Knowing the Four Cornerstones of Eroticism, the six emotional aphrodisiacs, and your own Core Erotic Theme can give you a sense of the materials you have to work with as you embark on a journey of sexual healing and growth. As Morin sees it, that journey takes place in seven steps that are neither erotic in themselves nor restricted to sexual healing. In one form or another a similar progression is basic to many approaches to psychotherapy and spiritual development:

1. Clarify your goals and motivations

2. Cultivate self-affirmation

3. Navigate the gray zone

4. Acknowledge and mourn your losses

5. Come to your senses

6. Risk the unfamiliar

7. Integrate your discoveries.

 

These steps are to be undertaken in any order that calls out to a person devoted to sexual healing and growth. While there is no simple way to assess the extent to which someone may rise to the challenges of such a process, as Morin notes, practice should allow him to identify the signposts to his own sexual well-being.

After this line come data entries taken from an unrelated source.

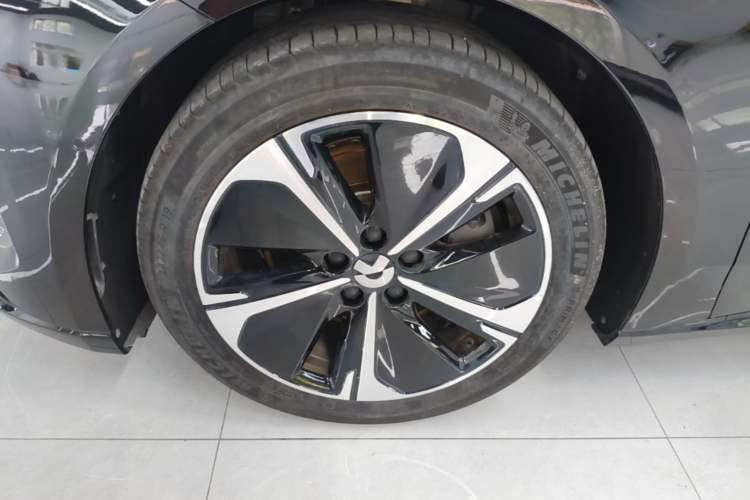 Used Nio ET5T 2025 75 kWh Touring Left Front Wheel Hub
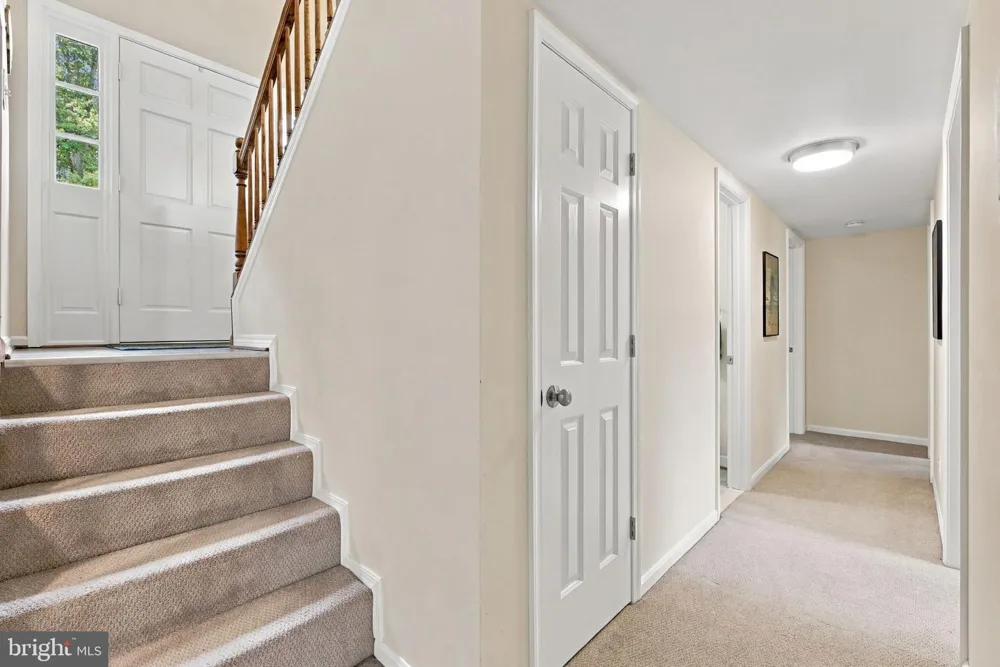 5483 BEACH ROAD Midland, VA 22728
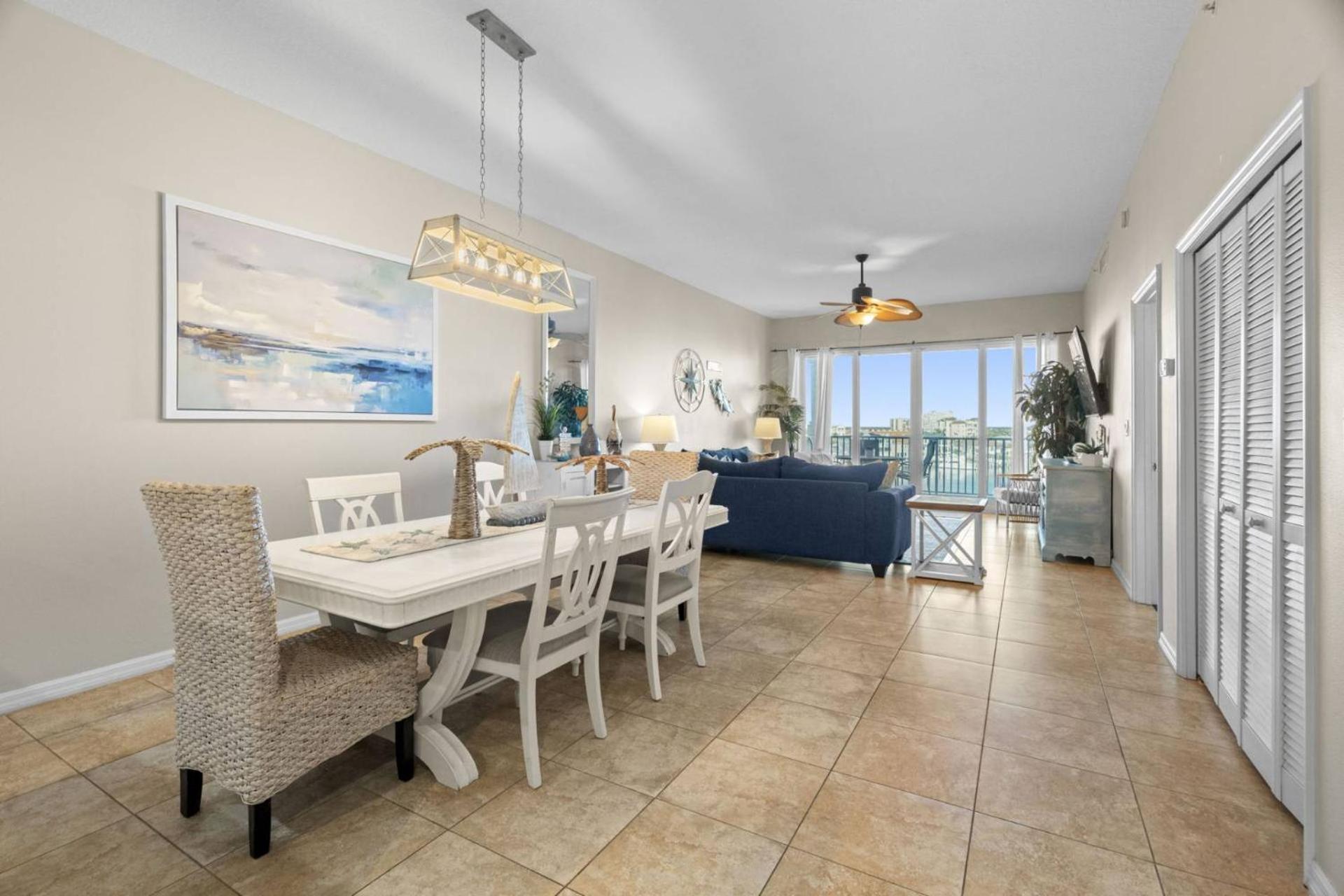 506 Harborview Grande *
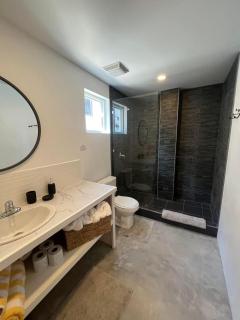 New 2 Bedroom Huge Beachfront Patio in San Pedro Town - 8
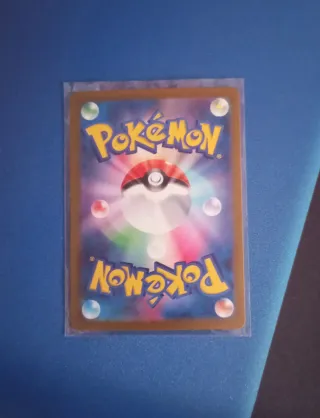 Pikachu Pokeball Reverse carta Pokemon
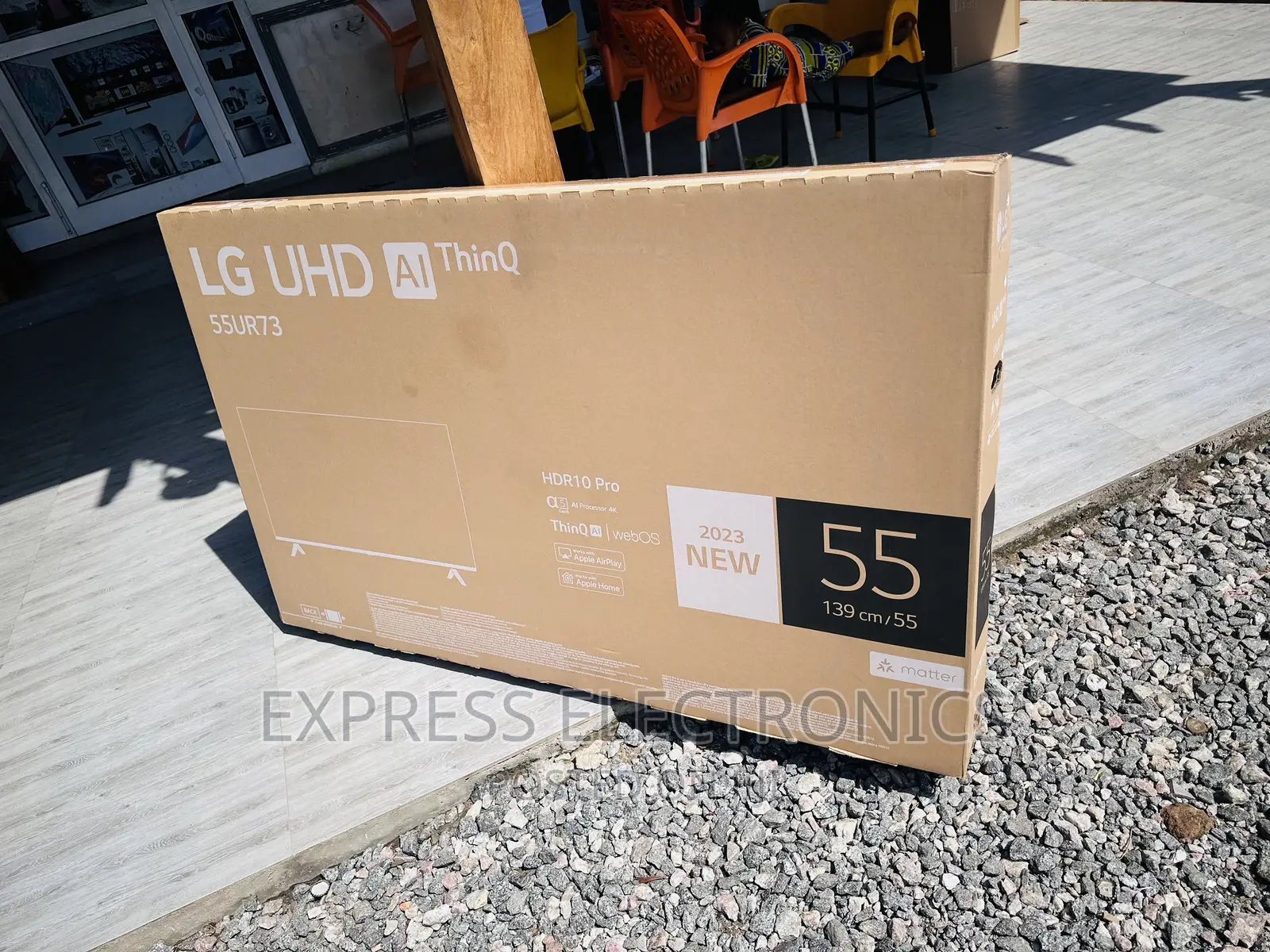 Foreign Standard on LG UHD Display 55”Ur730 Tv .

Morin's signposts are based on everything that has come before, but they are not listed for easy reference, as are the other tools he offers in his book. Instead they are integrated as part of the text in his penultimate chapter because they require a different kind of discussion from the earlier, simpler steps. You can't just toss off, for example, "The erotically healthy person develops a clear set of ethical values that possess intrinsic personal meaning and applies them in the sexual arena."

The signposts cannot be separated from a person's values; you recognize rather than follow them for they do not lead anywhere, but only acknowledge that you have arrived – not at a place, but in the nature of your own personal sexual satisfaction. "When you know what you want and are lucky enough to find it, you feel not only uplifted and enlivened, but also satiated – not a bad feeling at all. Yet it's just a manner of time until new desires begin to stir. You're dancing to the age-old rhythms of eros."